In the listing below, find the line with "ORGANIZADOR CANASTO CESTO" and the line with "Seamless pattern, starry", then return them and every line between them exactly, minus the pictures.
━━━━━ Task input
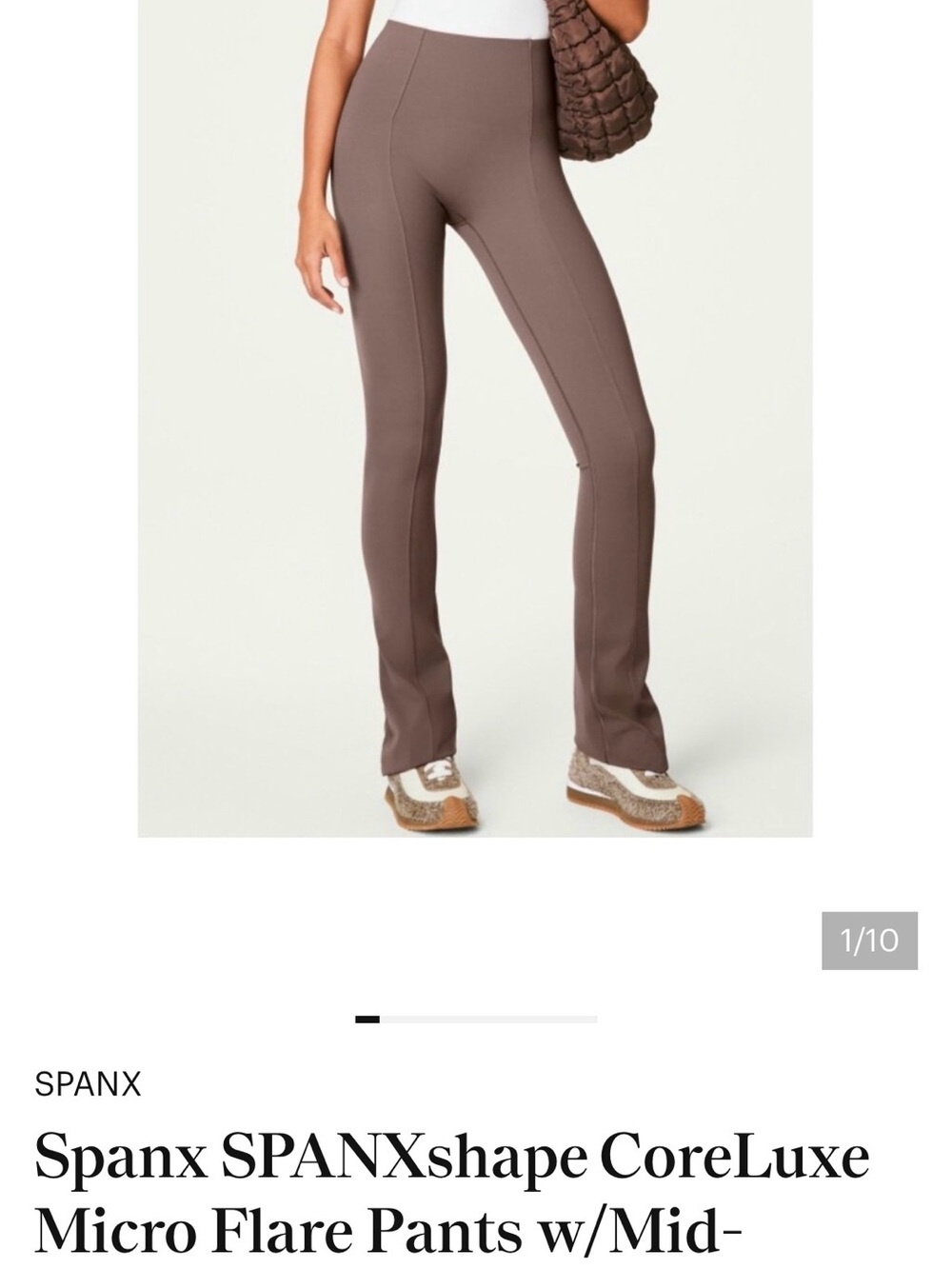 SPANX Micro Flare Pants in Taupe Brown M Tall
━━━━━━━━━━
━━━━━ Task input
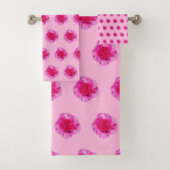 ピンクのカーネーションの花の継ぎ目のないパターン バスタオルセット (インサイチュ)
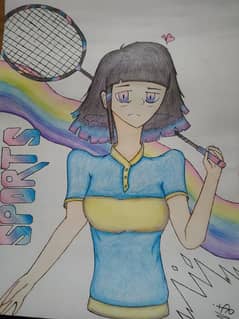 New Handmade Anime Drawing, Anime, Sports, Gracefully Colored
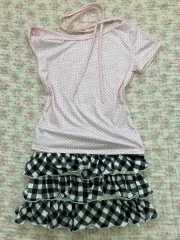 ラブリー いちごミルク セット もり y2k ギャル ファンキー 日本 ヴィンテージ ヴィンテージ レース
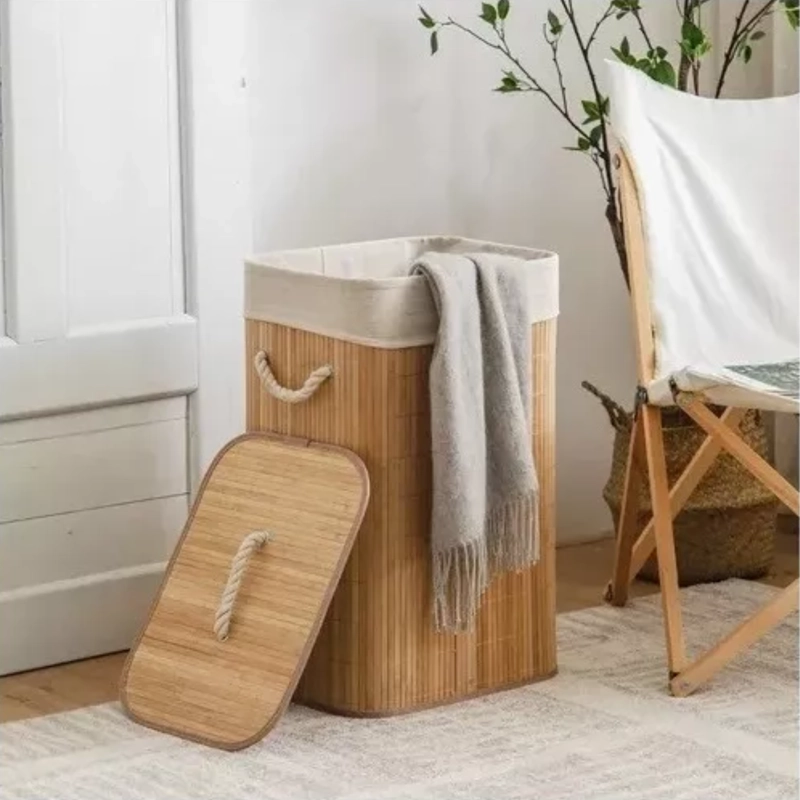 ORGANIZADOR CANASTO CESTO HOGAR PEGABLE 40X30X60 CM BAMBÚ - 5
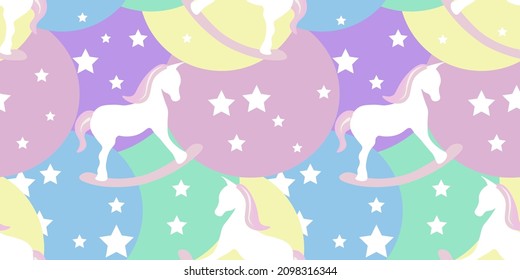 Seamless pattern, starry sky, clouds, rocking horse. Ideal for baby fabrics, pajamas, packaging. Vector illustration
━━━━━━━━━━
* _Written solution_
 ORGANIZADOR CANASTO CESTO HOGAR PEGABLE 40X30X60 CM BAMBÚ - 5
 Seamless pattern, starry sky, clouds, rocking horse. Ideal for baby fabrics, pajamas, packaging. Vector illustration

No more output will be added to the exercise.